To add to the favor of attackers, the same Sonatype study also found that a shockingly low percentage of security organizations do not even learn of new open-source vulnerabilities in the short term after they’re disclosed. Sure, everyone’s busy and has their priorities. But that ethos exists while these vulnerabilities are being exploited. Perhaps the project was shipped on time, but malicious code was simultaneously being injected somewhere along the line. Then, instead of continuing with forward progress, remediation becomes the name of the game.  

According to the Sonatype report, there were more than a trillion open-source component and container download requests in 2020 alone. The most important aspects to consider then are the security history of your component(s) and how dependents along your supply chain are using them. Obviously, this can be overwhelming to think about, but with researchers increasingly focused on remediation at scale, the future of supply-chain security is starting to look brighter.

Learn more about open-source security + win some cash!

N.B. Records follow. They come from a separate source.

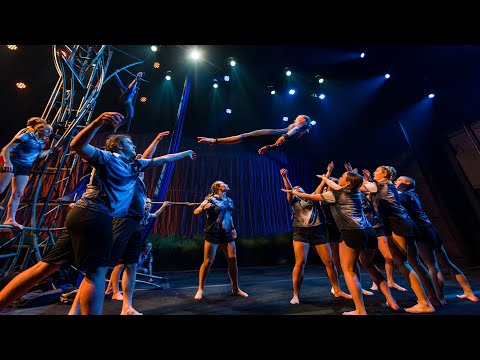 Dogs in the Schoolyard | Flipside Circus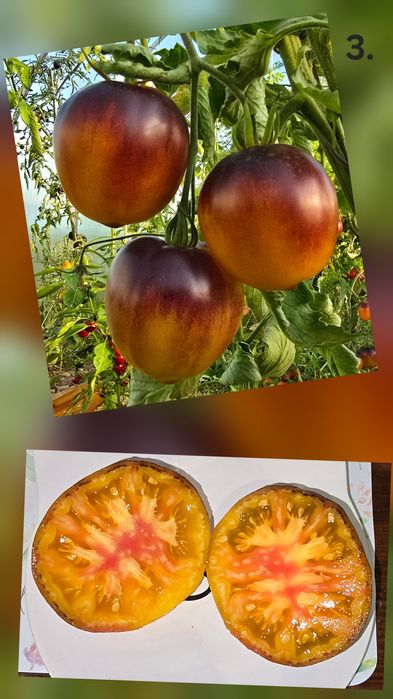 Kolekcjonerskie nasiona pomidorów
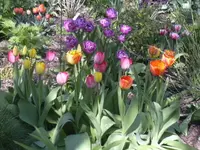 22.04.2010 010.webp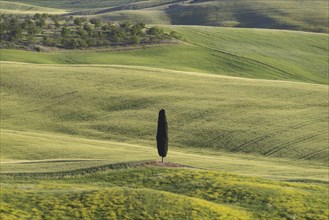 Landscape at sunrise around Pienza, Val d'Orcia, Orcia Valley, UNESCO World Heritage Site, Province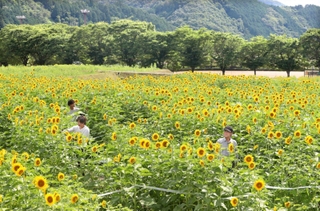 辺り一面を黄色く染めるヒマワリの花＝佐用町東徳久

Submit to the 2021 Velociraptor Contributor Competition

Securing at scale

Instead of the one-by-one approach to patching, security professionals need to start thinking about securing entire classes of vulnerabilities. It’s true that there is no current catch-all mechanism for such efficient action. But researchers can begin to work together to create methodologies that enable security organizations to better prioritize vulnerability risk management (VRM) instead of filing each one away to patch at a later date.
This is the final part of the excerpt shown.